(Data extracted from a collection)
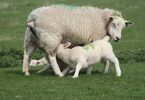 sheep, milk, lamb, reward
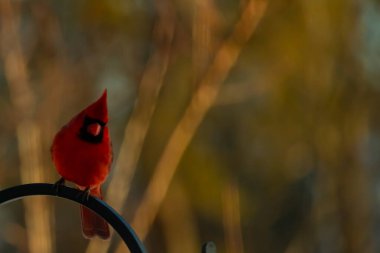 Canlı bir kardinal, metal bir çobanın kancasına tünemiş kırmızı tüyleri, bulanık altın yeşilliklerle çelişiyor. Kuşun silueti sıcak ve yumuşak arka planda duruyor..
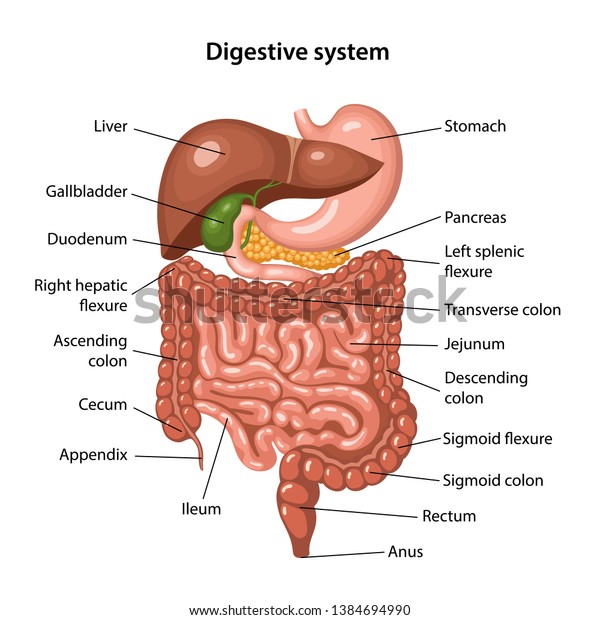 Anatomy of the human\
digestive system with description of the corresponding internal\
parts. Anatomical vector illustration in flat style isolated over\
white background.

▸ YOUR ASSIGNMENT:
Once the line with "parts. Anatomical vector" has been found in the records above, retype it and every line after it exactly, and include nothing else.

▸ TASK ANSWER:
parts. Anatomical vector illustration in flat style isolated over\
white background.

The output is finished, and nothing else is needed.